Why does ORT 1.24.3 at t=2 beat t=8? ORT 1.24.3's KleidiAI SME2 kernels dramatically accelerate rec (2.5x) and textline_ori (2.7x), but the det model regresses on high-resolution images due to a large-kernel Conv regression in ORT 1.24.x (kernel ≥ 7×7 on large spatial inputs). This regression is NOT caused by SME contention — it persists at t=2 and with disable-kleidiai.
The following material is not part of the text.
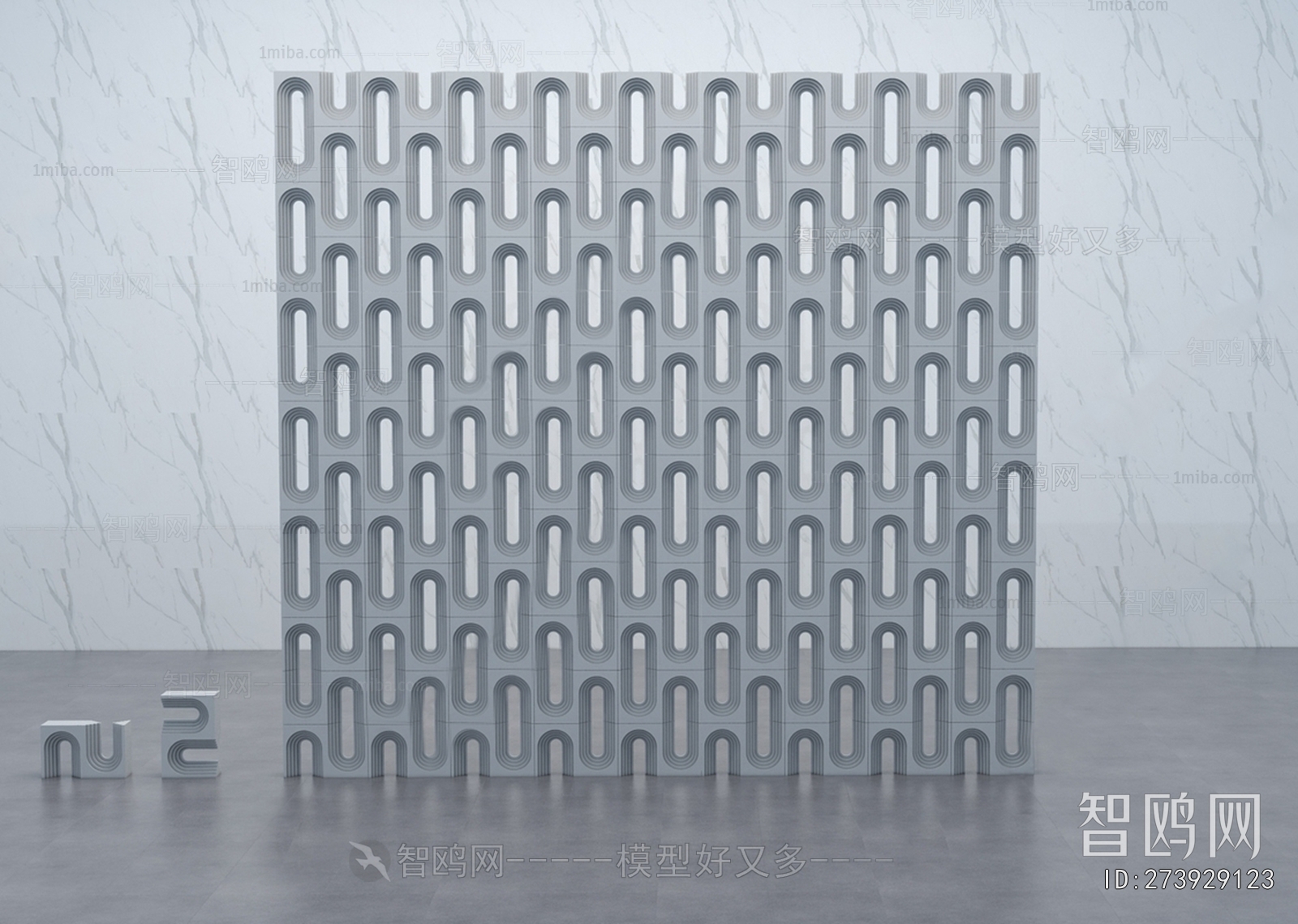 Modern Cement Brick Screen Partition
Factor decomposition: the 3.2x det gap at t=2 (ORT 1.24.3 vs 1.21.1) = 1.94x (thread count: t=2 vs t=8) × 1.65x (Conv kernel regression). The pipeline still wins overall because rec's 2.5x speedup outweighs det's regression. At t=1, the speedup is most dramatic (2.04x) because NEON can't parallelize at all, while KleidiAI SME2 still delivers full acceleration. See SME Thread Scaling for the full analysis.
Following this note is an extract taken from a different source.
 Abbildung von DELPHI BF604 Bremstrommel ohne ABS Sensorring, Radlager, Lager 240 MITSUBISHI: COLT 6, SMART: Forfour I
Per-model inference breakdown (ms, averaged across 7 images)
Model ORT 1.21.1 (t=1) ORT 1.21.1 (t=2) ORT 1.21.1 (t=8) ORT 1.24.3 (t=1) ORT 1.24.3 (t=2) ORT 1.24.3 (t=8)
doc_ori 6.53 4.94 6.63 6.68 3.41 4.82
det 4,876.13 2,571.48 1,328.30 5,440.39 4,246.58 4,311.64
textline_ori 264.21 187.45 222.09 123.32 80.84 98.81
rec 11,703.89 6,523.42 4,850.45 2,647.07 1,931.17 2,579.15

Key insight: KleidiAI SME2 delivers massive acceleration on rec (4.4x at t=1) and textline_ori (2.1x at t=1). The det model regresses at high resolution, but rec dominates total pipeline time, so the net effect is a 2.04x pipeline speedup at t=1 and 1.48x at t=2.
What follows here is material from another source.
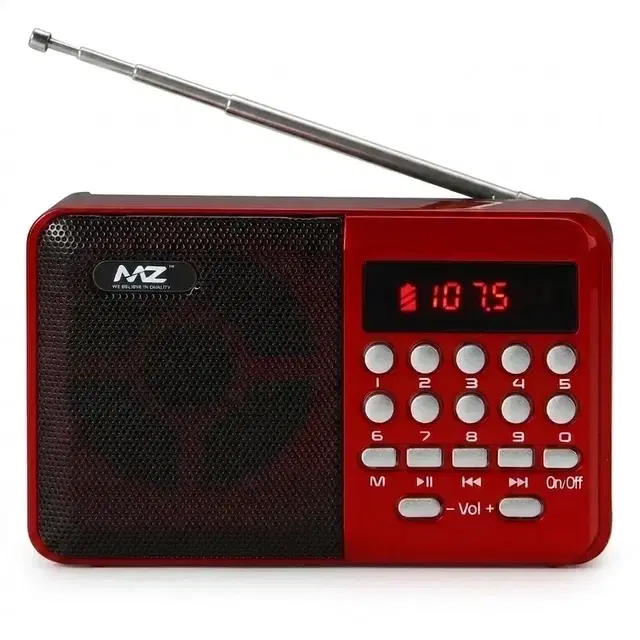 MZ M34VP 5W Bluetooth Speaker with Radio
Per-image latency breakdown
Image ORT 1.21.1 (t=1) ORT 1.21.1 (t=2) ORT 1.21.1 (t=8) ORT 1.24.3 (t=1) ORT 1.24.3 (t=2) ORT 1.24.3 (t=8)
ancient_demo.png 5,882 ms 3,192 ms 2,246 ms 1,391 ms 1,022 ms 1,340 ms
handwrite_ch_demo.png 3,125 ms 1,681 ms 1,144 ms 1,096 ms 673 ms 1,175 ms
handwrite_en_demo.png 3,907 ms 2,107 ms 1,429 ms 2,296 ms 828 ms 2,215 ms
japan_demo.png 22,953 ms 12,250 ms 7,971 ms 19,560 ms 18,425 ms 14,549 ms
magazine.png 36,143 ms 19,873 ms 14,025 ms 15,990 ms 11,601 ms 16,118 ms
magazine_vetical.png 36,115 ms 20,386 ms 14,341 ms 14,984 ms 9,732 ms 11,599 ms
pinyin_demo.png 10,235 ms 5,931 ms 4,323 ms 2,749 ms 2,039 ms 2,676 ms

Pipeline Architecture

┌─────────┐     ┌──────────┐     ┌───────┐     ┌──────────────┐     ┌───────┐
│  Image   │────▶│ doc_ori  │────▶│  det  │────▶│ textline_ori │────▶│  rec  │────▶ Results
│ (BGR)    │     │ 4-class  │     │  DB   │     │   2-class    │     │  CTC  │     [{text,
└─────────┘     │ rotation │     │ boxes │     │  rotation    │     │ decode│      conf,
                └──────────┘     └───────┘     └──────────────┘     └───────┘      bbox}]
                  LCNet           PP-OCRv5       LCNet              PP-OCRv5
                  224×224         HxW→stride32   160×80              48×W

See docs/PIPELINE_ARCHITECTURE.md for preprocessing parameters and implementation details.

SME Thread Scaling on Apple Silicon

Investigated in onnxruntime#27633 — resolved with ORT maintainer confirmation.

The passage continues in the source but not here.